Records for the exercise START

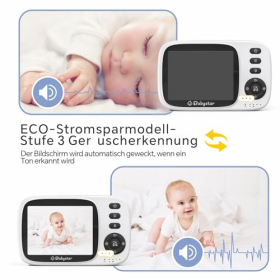 Babystar Baby Monitor з камерою, 3,2-дюймовий бездротовий відеоняня, нічне бачення, моніторинг температури, двосторонній аудіо режим VOX, 2100 мАг акумуляторна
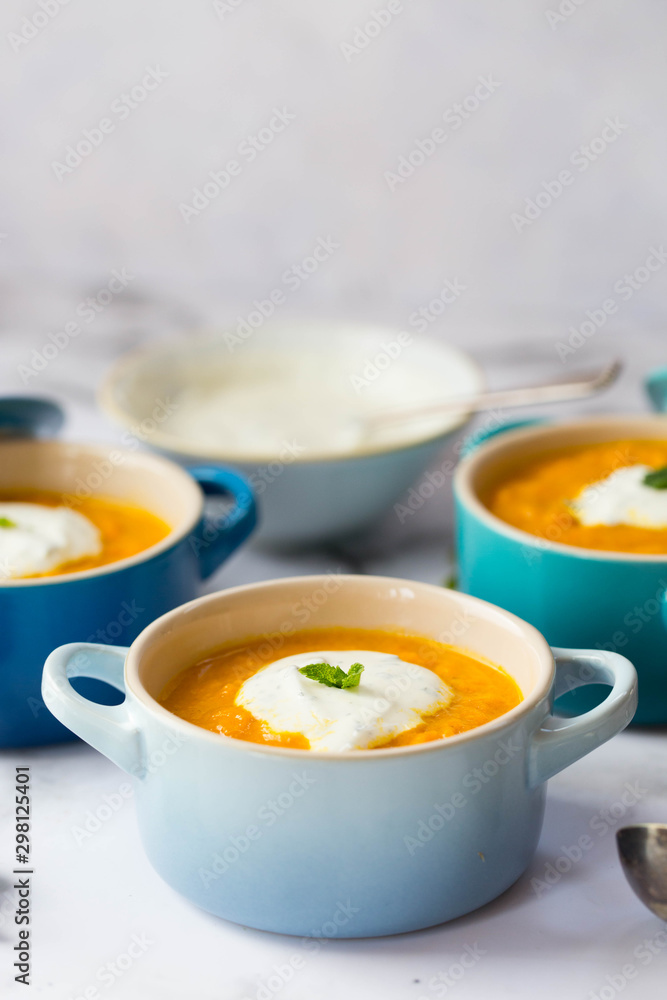 Carrot and ginger soup with raita Carrot and ginger soup with raita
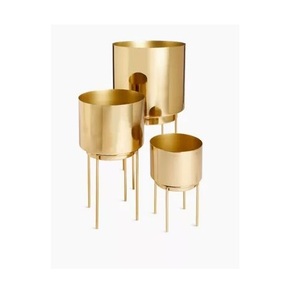 Maceta de Color dorado con soporte de hierro para decoración de jardín, tamaño personalizado, formas de plantas, nuevo, a buen precio - Product Image 1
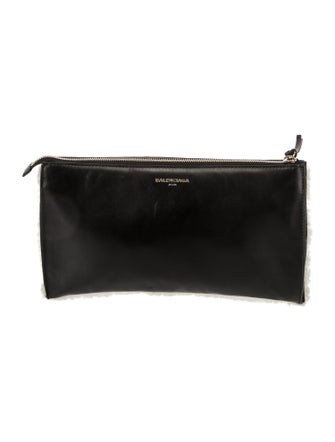 Balenciaga Shearling-Trimmed Leather Zip Pouch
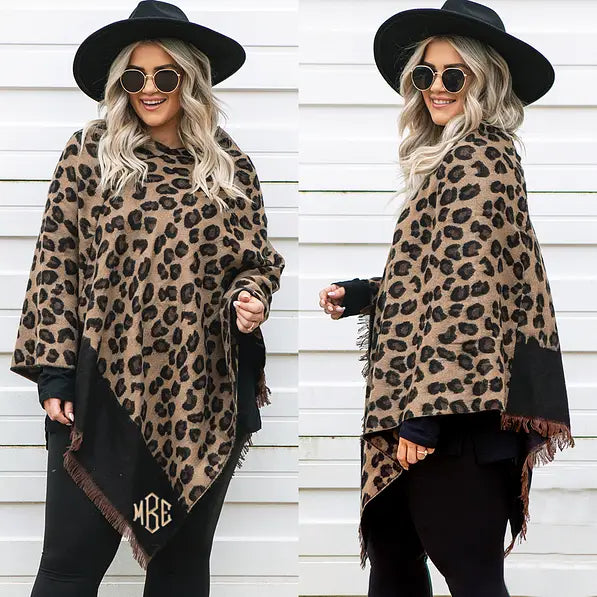 Monogrammed Leopard Poncho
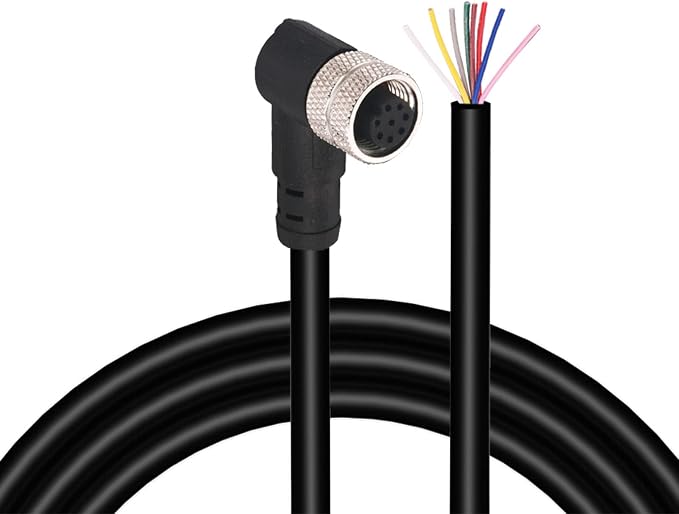 M12 Female 8 Pin Right Angle 6.5Ft/2M Connector Aviation Link Cable by Lonlonty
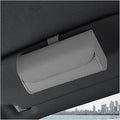 Augeny Sunglasses Holder for Car Sun Visor, Leather Auto Eyeglasses Storage Case with Hidden Magnetic Closure, Protective Glasses Organizer Box, Vehicle Visor Accessories for Woman Man (Gray)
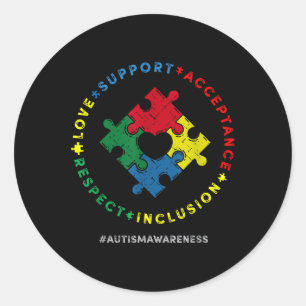 Pegatina Redonda Respeto Amor Apoyo Autismo Conciencia Mes Mujeres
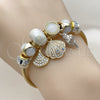 Stainless Steel Individual Bangle, Shell and Snail Design, with Crystal and Ivory Crystal, White Enamel Finish, Golden Finish, 07.454.0035 (03 MM Thickness, One size fits all)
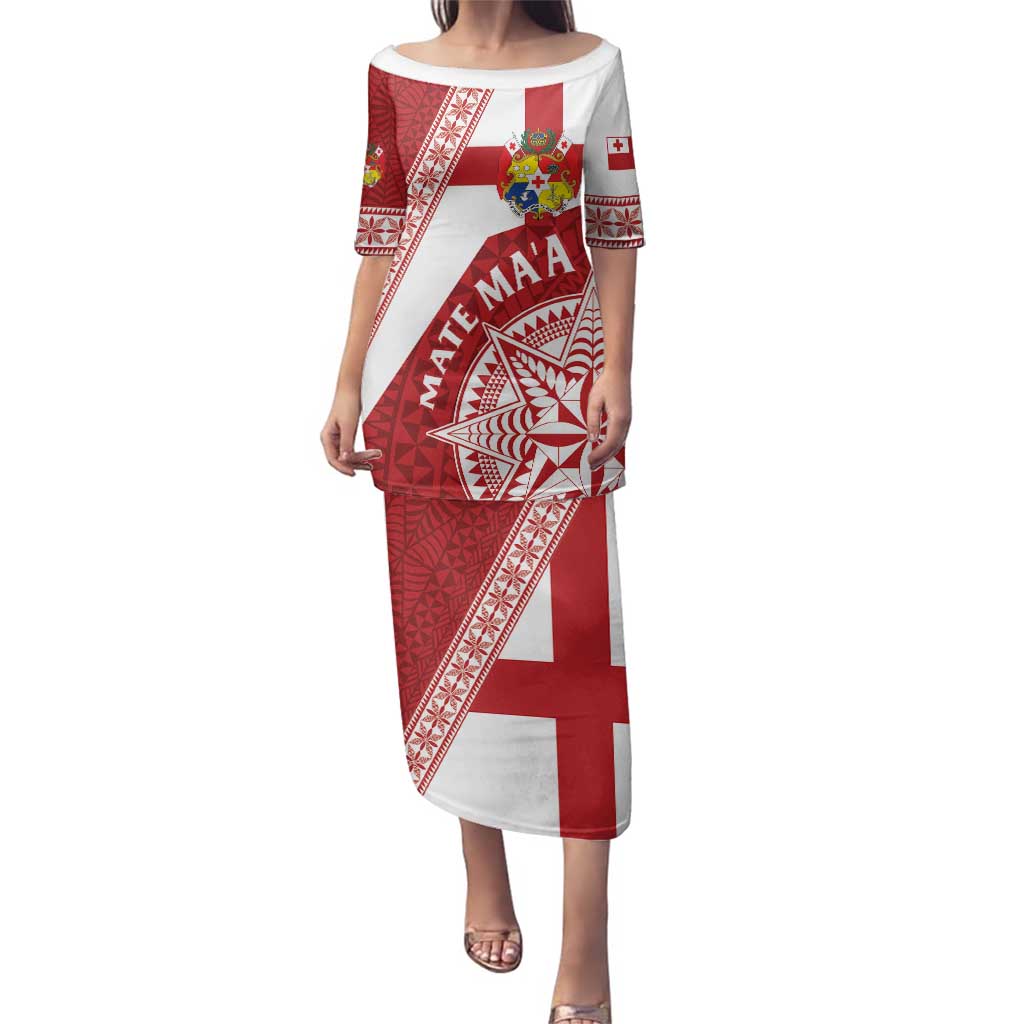 Custom Tonga Rugby Mate Maa Family Matching Puletasi and Hawaiian Shirt Ngatu Pattern LT01 Mom's Dress Red - Polynesian Pride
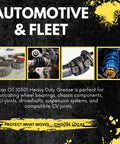 Image showcasing automotive and fleet components needing lubrication with Heavy Duty Lithium Complex Grease 14.5 oz cartridges.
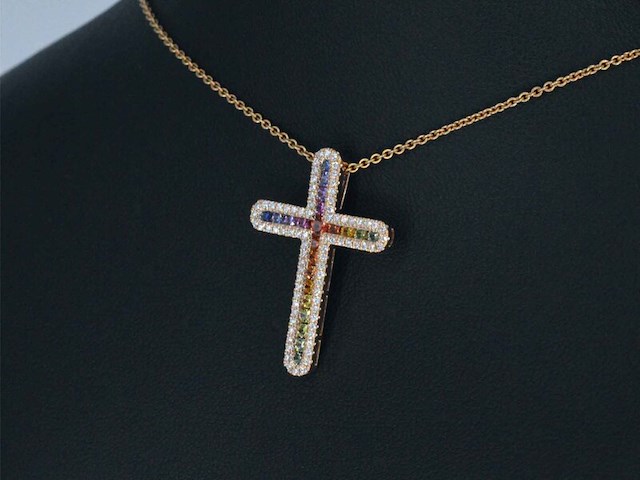 Gouden kruishanger met diamanten en edelstenen, excl. ketting - afbeelding 3 van  8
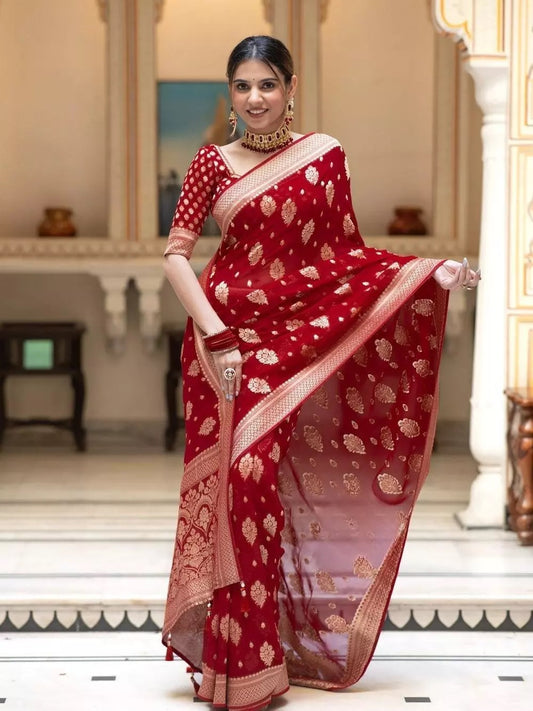 Red  Banarasi Soft Silk Saree With  Unstitched Blouse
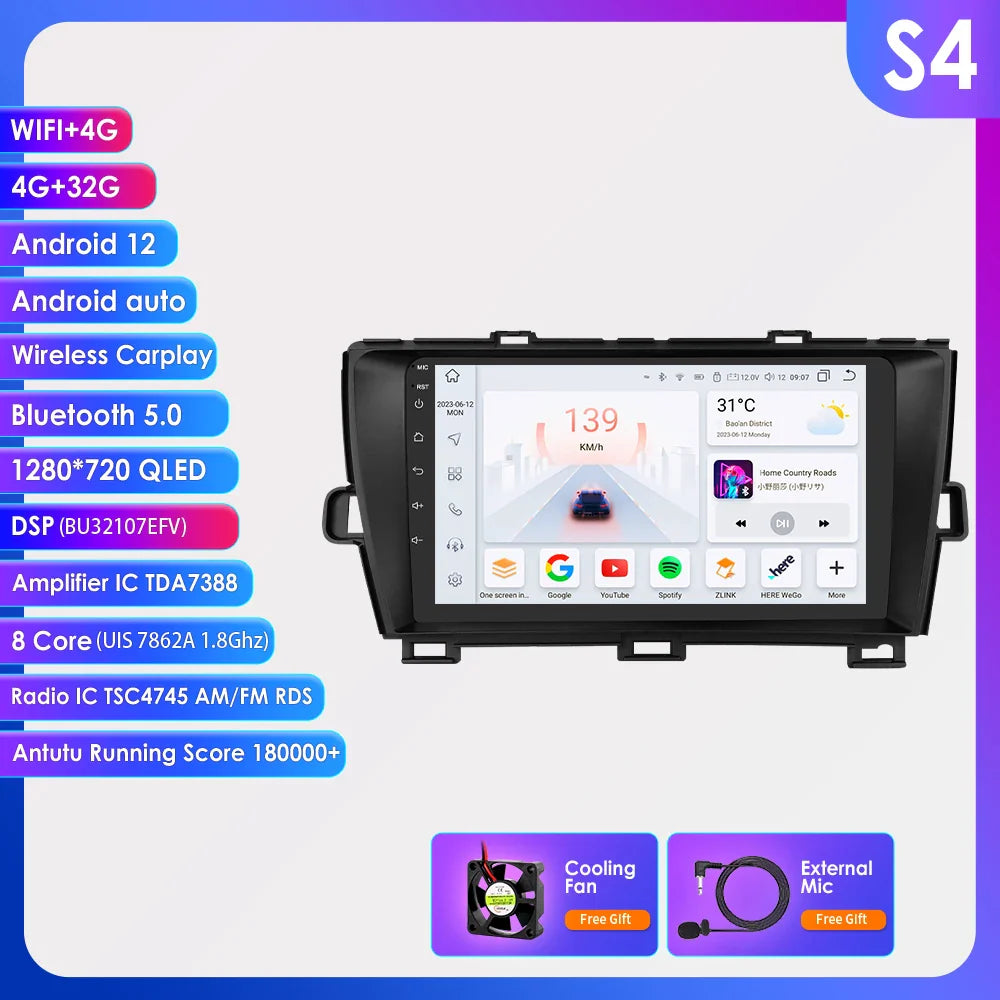 For Toyota Prius 3 XW30 2009-2015 Android 13 Car Radio Multimedia Video Player GPS Navigation Carplay 4G QLED Screen DSP Stereo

Records for the exercise END

__Task requirements__:
Copy the data word for word. Pictures do not go in the copy.

__Your response__:
 Babystar Baby Monitor з камерою, 3,2-дюймовий бездротовий відеоняня, нічне бачення, моніторинг температури, двосторонній аудіо режим VOX, 2100 мАг акумуляторна
 Carrot and ginger soup with raita Carrot and ginger soup with raita
 Maceta de Color dorado con soporte de hierro para decoración de jardín, tamaño personalizado, formas de plantas, nuevo, a buen precio - Product Image 1
 Balenciaga Shearling-Trimmed Leather Zip Pouch
 Monogrammed Leopard Poncho
 M12 Female 8 Pin Right Angle 6.5Ft/2M Connector Aviation Link Cable by Lonlonty
 Augeny Sunglasses Holder for Car Sun Visor, Leather Auto Eyeglasses Storage Case with Hidden Magnetic Closure, Protective Glasses Organizer Box, Vehicle Visor Accessories for Woman Man (Gray)
 Pegatina Redonda Respeto Amor Apoyo Autismo Conciencia Mes Mujeres
 Stainless Steel Individual Bangle, Shell and Snail Design, with Crystal and Ivory Crystal, White Enamel Finish, Golden Finish, 07.454.0035 (03 MM Thickness, One size fits all)
 Custom Tonga Rugby Mate Maa Family Matching Puletasi and Hawaiian Shirt Ngatu Pattern LT01 Mom's Dress Red - Polynesian Pride
 Image showcasing automotive and fleet components needing lubrication with Heavy Duty Lithium Complex Grease 14.5 oz cartridges.
 Gouden kruishanger met diamanten en edelstenen, excl. ketting - afbeelding 3 van  8
 Red  Banarasi Soft Silk Saree With  Unstitched Blouse
 For Toyota Prius 3 XW30 2009-2015 Android 13 Car Radio Multimedia Video Player GPS Navigation Carplay 4G QLED Screen DSP Stereo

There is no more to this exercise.